Acts 16:16 according to the Textus Receptus (Estienne, 1550):

Ἐγένετο δὲ πορευομένων ἡμῶν εἰς προσευχὴν παιδίσκην τινὰ ἔχουσαν πνεῦμα πύθωνος ἀπαντῆσαι ἡμῖν ἥτις ἐργασίαν πολλὴν παρεῖχεν τοῖς κυρίοις αὐτῆς μαντευομένη

Acts 16:16 according to Nestle-Aland 28th edition:

Ἐγένετο δὲ πορευομένων ἡμῶν εἰς τὴν προσευχὴν παιδίσκην τινὰ ἔχουσαν πνεῦμα πύθωνα ὑπαντῆσαι ἡμῖν, ἥτις ἐργασίαν πολλὴν παρεῖχεν τοῖς κυρίοις αὐτῆς μαντευομένη.

My question concerns the word πύθωνος (Textus Receptus) and πύθωνα (NA28).
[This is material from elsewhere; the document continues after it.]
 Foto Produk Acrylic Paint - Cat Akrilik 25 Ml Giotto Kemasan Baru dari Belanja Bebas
  1. What is the manuscript evidence in favor of each reading?
  2. What is the meaning of πύθωνος in the Textus Receptus?
  3. What is the meaning of πύθωνα in the NA28?

1 Answer 1


Manuscript Evidence

As far as manuscript evidence goes, Metzger offers the following:

  • πύθωνα appears in P74 א A B C* D* 81 326 1837 vg arm

  • πύθωνος appears in P45 C3 D2 E H L P most minuscules it syr

He prefers πύθωνα on what he sees as the harder reading.1

Translation and Meaning

Fitzmyer renders the former, being in the accusative, literally as "a little girl having a python spirit" or "a python as spirit", with the latter (in the genitive) as "the spirit of a python."2

In either case, both he and L. T. Johnson3 go on to explain that (per Plutarch) the pythōn was a mythical serpent or dragon slain by Apollo, that came to be associated with the Deplhic oracle as a guardian and the basis for one of the names of the prophetesses there. And so with its association to the oracle, the term came to denote a spirit of divination or a soothsayer.
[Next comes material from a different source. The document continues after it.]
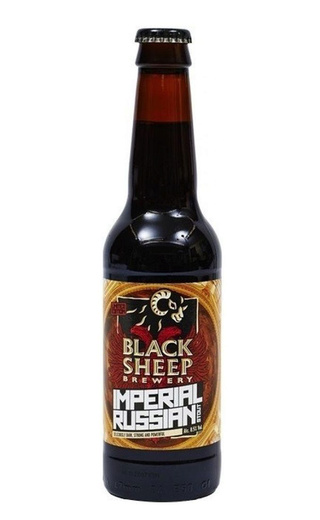 фото пиво Black Sheep Russian Imperial Stout 24 шт. 0,33 л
  1. Metzger, B. M., United Bible Societies. (1994). A textual commentary on the Greek New Testament, second edition a companion volume to the United Bible Societies’ Greek New Testament (4th rev. ed.) (p. 396). London; New York: United Bible Societies.

  2. Fitzmyer, J. A. (2008). The Acts of the Apostles: a new translation with introduction and commentary (Vol. 31, p. 586). New Haven; London: Yale University Press.
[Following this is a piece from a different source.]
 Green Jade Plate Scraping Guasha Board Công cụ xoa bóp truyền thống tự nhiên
  3. Johnson, L. T. (1992). The Acts of the Apostles. (D. J. Harrington, Ed.) (Vol. 5, p. 293). Collegeville, MN: The Liturgical Press.

  • 1
    Nice. :) Might help to point out that the difference is one of accusative (-ωνα) which is then, I guess, appositional with πνεῦμα which is also accusative ("having a spirit, i.e., a python spirit...") vs. genetive (-ωνος) which is definitely the easier ("the spirit of a python") -- which is of course the alternative that Fitzmyer offers. It seems not much has changed here since the Expositor's Greek except the preference for the more difficult reading rather than the easier (and, perhaps, expected) one.
    – Dɑvïd
    Feb 28, 2015 at 22:26
  • @Davïd Yeah, as well, Pervo sees πνεῦμα πύθωνα as redundant - πύθωνα already containing the idea of a spirit - and thinks that explains the correction to πύθωνος in D and P45.